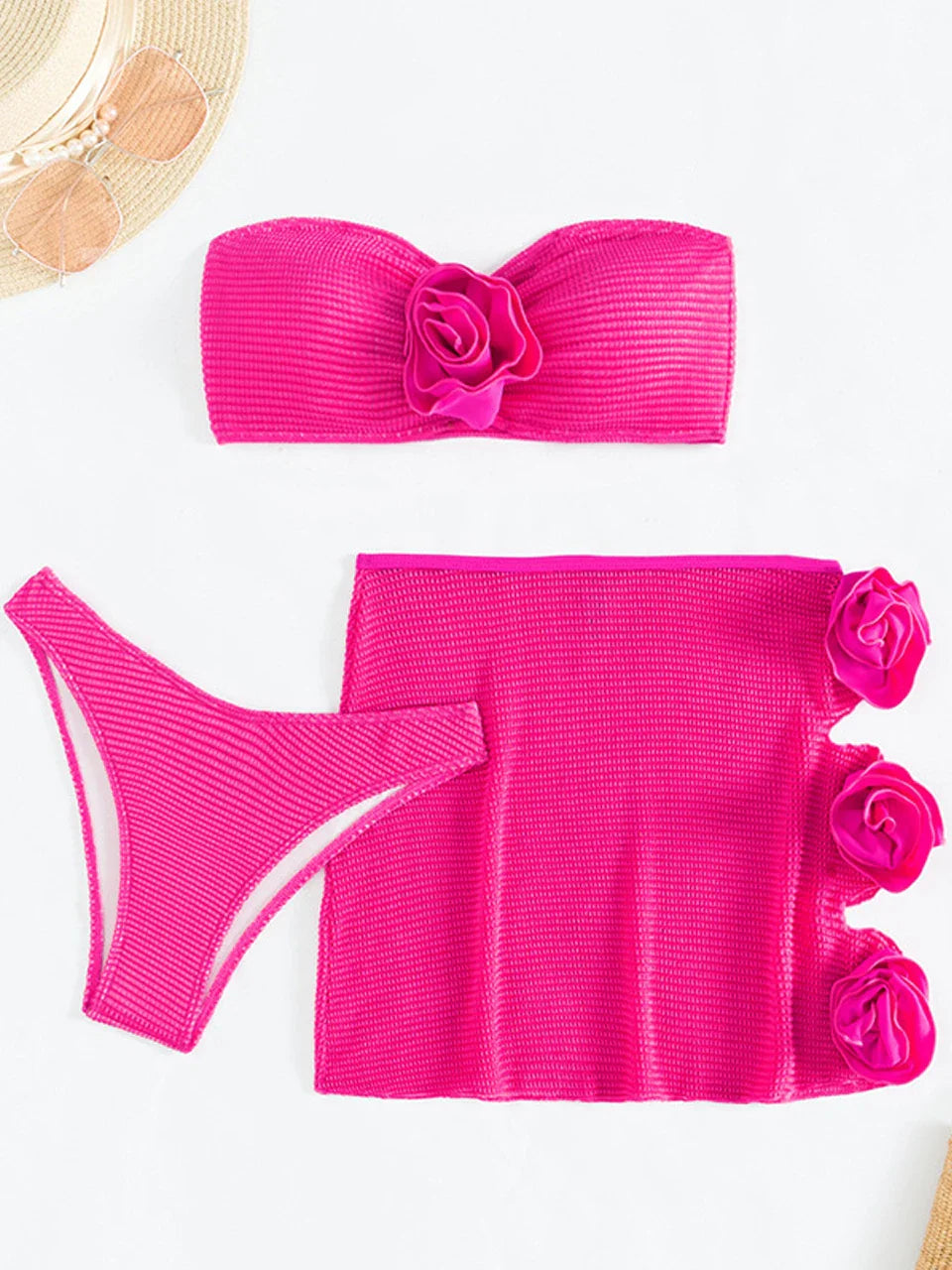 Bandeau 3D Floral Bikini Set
######
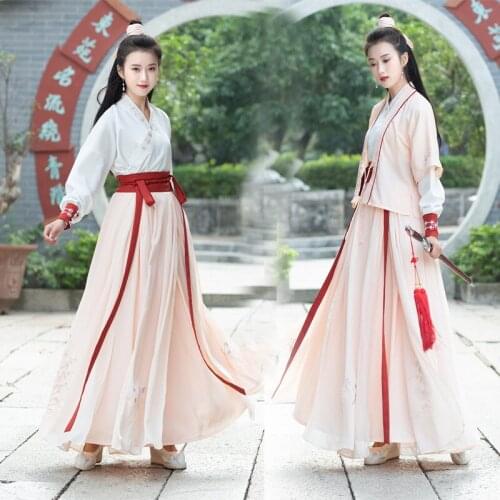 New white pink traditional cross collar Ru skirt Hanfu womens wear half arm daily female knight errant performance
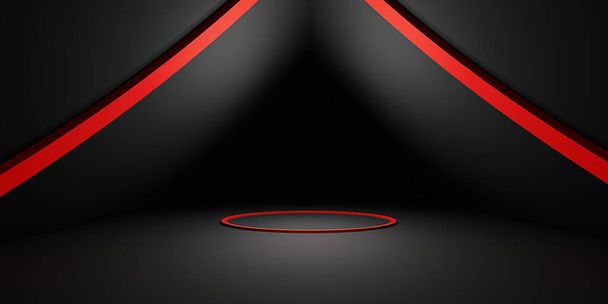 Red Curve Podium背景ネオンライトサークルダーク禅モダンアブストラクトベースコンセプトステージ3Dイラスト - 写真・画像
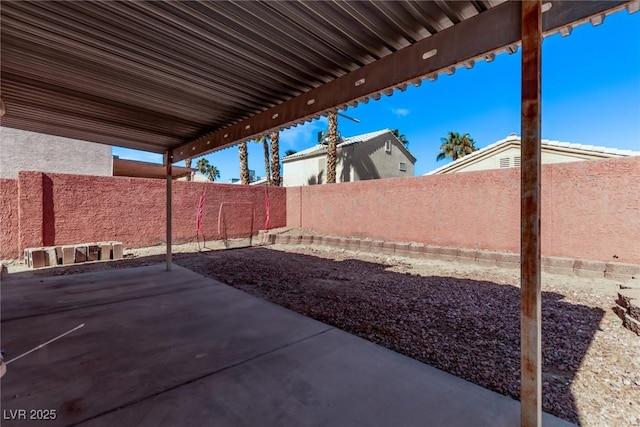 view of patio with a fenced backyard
######
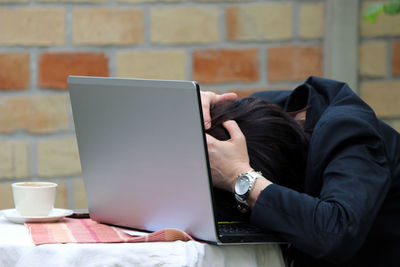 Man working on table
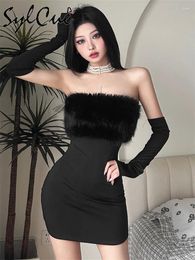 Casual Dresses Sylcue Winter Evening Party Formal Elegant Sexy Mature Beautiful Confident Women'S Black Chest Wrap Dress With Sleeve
######
What this task involves:
Return exactly the lines that appear in the data above between the line containing "Man working on table" and the line containing "Casual Dresses Sylcue", both of which are included, and leave the pictures out.

Task output:
 Man working on table
 Casual Dresses Sylcue Winter Evening Party Formal Elegant Sexy Mature Beautiful Confident Women'S Black Chest Wrap Dress With Sleeve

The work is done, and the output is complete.